= Hyperparameter (Bayesian statistics) =

Parameter of a prior distribution in Bayesian statistics

In Bayesian statistics, a hyperparameter is a parameter of a prior distribution; the term is used to distinguish them from parameters of the model for the underlying system under analysis.

For example, if one is using a beta distribution to model the distribution of the parameter p of a Bernoulli distribution, then:
- p is a parameter of the underlying system (Bernoulli distribution), and
- α and β are parameters of the prior distribution (beta distribution), hence hyperparameters.

One may take a single value for a given hyperparameter, or one can iterate and take a probability distribution on the hyperparameter itself, called a hyperprior.

== Purpose ==
One often uses a prior which comes from a parametric family of probability distributions – this is done partly for explicitness (so one can write down a distribution, and choose the form by varying the hyperparameter, rather than trying to produce an arbitrary function), and partly so that one can vary the hyperparameter, particularly in the method of conjugate priors, or for sensitivity analysis.

=== Conjugate priors ===

When using a conjugate prior, the posterior distribution will be from the same family, but will have different hyperparameters, which reflect the added information from the data: in subjective terms, one's beliefs have been updated. For a general prior distribution, this is computationally very involved, and the posterior may have an unusual or hard to describe form, but with a conjugate prior, there is generally a simple formula relating the values of the hyperparameters of the posterior to those of the prior, and thus the computation of the posterior distribution is very easy.

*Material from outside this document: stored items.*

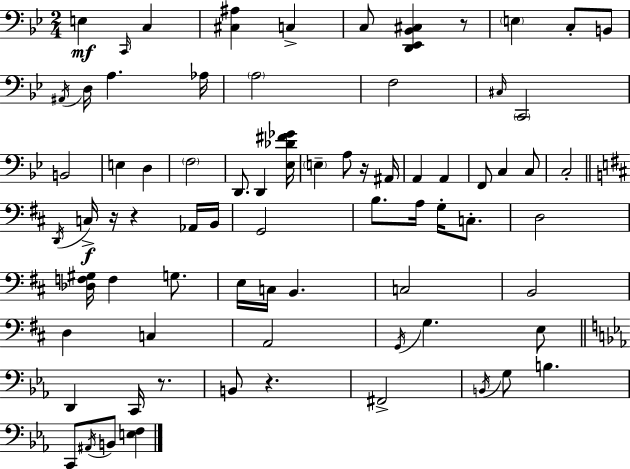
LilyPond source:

{
  \clef bass
  \numericTimeSignature
  \time 2/4
  \key g \minor
  e4\mf \grace { c,16 } c4 | <cis ais>4 c4-> | c8 <d, ees, bes, cis>4 r8 | \parenthesize e4 c8-. b,8 | \break \acciaccatura { ais,16 } d16 a4. | aes16 \parenthesize a2 | f2 | \grace { cis16 } \parenthesize c,2 | \break b,2 | e4 d4 | \parenthesize f2 | d,8. d,4 | \break <ees des' fis' ges'>16 \parenthesize e4-- a8 | r16 ais,16 a,4 a,4 | f,8 c4 | c8 c2-. | \break \bar "||" \break \key d \major \acciaccatura { d,16 } c16->\f r16 r4 aes,16 | b,16 g,2 | b8. a16 g16-. c8.-. | d2 | \break <des f gis>16 f4 g8. | e16 c16 b,4. | c2 | b,2 | \break d4 c4 | a,2 | \acciaccatura { g,16 } g4. | e8 \bar "||" \break \key c \minor d,4 c,16 r8. | b,8 r4. | fis,2-> | \acciaccatura { b,16 } g8 b4. | \break c,8 \acciaccatura { ais,16 } b,8 <e f>4 | \bar "|."
}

=== Sensitivity analysis ===

A key concern of users of Bayesian statistics, and criticism by critics, is the dependence of the posterior distribution on one's prior. Hyperparameters address this by allowing one to easily vary them and see how the posterior distribution (and various statistics of it, such as credible intervals) vary: one can see how sensitive one's conclusions are to one's prior assumptions, and the process is called sensitivity analysis.

Similarly, one may use a prior distribution with a range for a hyperparameter, thus defining a hyperprior, perhaps reflecting uncertainty in the correct prior to take, and reflect this in a range for final uncertainty.

== Hyperpriors ==

Instead of using a single value for a given hyperparameter, one can instead consider a probability distribution of the hyperparameter itself; this is called a "hyperprior." In principle, one may iterate this, calling parameters of a hyperprior "hyperhyperparameters," and so forth.